EXERCISE -
Could you output exactly the lines running from the one containing "Garrison Food Waste Disposer - Garrison" to the final line of the listing below, leaving out pictures?

PROVIDED DATA -
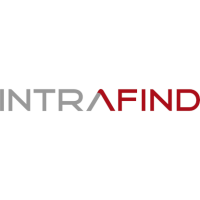 Intrafind software ag
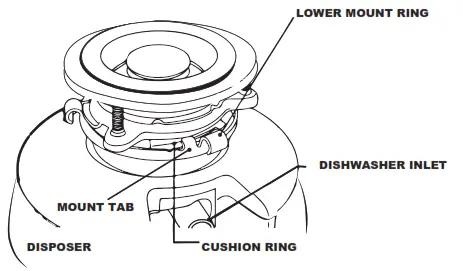 Garrison Food Waste Disposer - Garrison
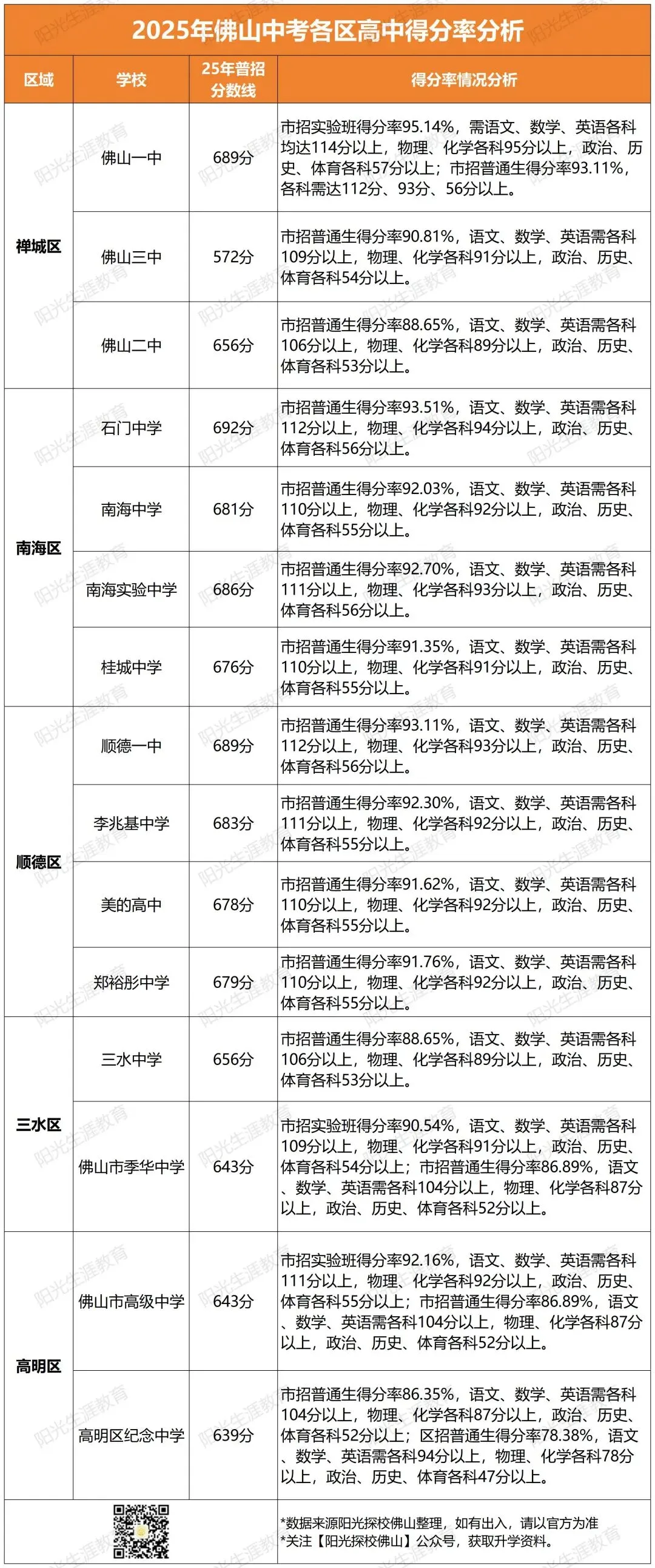 佛山中考各科要多少分,才能进入公办高中? 第5张 佛山中考各科要多少分,才能进入公办高中? 第5张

TASK RESULT -
 Garrison Food Waste Disposer - Garrison
 佛山中考各科要多少分,才能进入公办高中? 第5张 佛山中考各科要多少分,才能进入公办高中? 第5张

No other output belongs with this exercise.